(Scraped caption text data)
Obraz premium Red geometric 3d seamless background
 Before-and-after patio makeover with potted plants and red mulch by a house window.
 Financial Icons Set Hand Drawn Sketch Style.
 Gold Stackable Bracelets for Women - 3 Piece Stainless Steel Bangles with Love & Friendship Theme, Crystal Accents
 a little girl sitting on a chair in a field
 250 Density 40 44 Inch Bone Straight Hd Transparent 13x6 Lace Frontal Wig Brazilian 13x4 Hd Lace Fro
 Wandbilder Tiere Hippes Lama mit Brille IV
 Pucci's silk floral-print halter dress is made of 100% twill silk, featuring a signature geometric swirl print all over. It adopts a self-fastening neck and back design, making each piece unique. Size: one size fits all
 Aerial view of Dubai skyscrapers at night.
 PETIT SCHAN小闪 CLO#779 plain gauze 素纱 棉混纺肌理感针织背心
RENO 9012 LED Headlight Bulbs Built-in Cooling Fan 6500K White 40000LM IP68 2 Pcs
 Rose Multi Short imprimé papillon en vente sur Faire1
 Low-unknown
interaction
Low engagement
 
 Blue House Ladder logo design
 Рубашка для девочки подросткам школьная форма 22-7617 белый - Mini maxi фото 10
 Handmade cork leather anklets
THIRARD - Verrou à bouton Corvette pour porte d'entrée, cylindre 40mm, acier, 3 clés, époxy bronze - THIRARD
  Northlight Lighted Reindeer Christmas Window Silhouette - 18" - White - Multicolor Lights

What is needed:
Nothing but the lines from the one with "Aerial view of Dubai skyscrapers at night." through the final line of the records above should appear, each copied exactly.

Task answer:
 Aerial view of Dubai skyscrapers at night.
 PETIT SCHAN小闪 CLO#779 plain gauze 素纱 棉混纺肌理感针织背心
RENO 9012 LED Headlight Bulbs Built-in Cooling Fan 6500K White 40000LM IP68 2 Pcs
 Rose Multi Short imprimé papillon en vente sur Faire1
 Low-unknown
interaction
Low engagement
 
 Blue House Ladder logo design
 Рубашка для девочки подросткам школьная форма 22-7617 белый - Mini maxi фото 10
 Handmade cork leather anklets
THIRARD - Verrou à bouton Corvette pour porte d'entrée, cylindre 40mm, acier, 3 clés, époxy bronze - THIRARD
  Northlight Lighted Reindeer Christmas Window Silhouette - 18" - White - Multicolor Lights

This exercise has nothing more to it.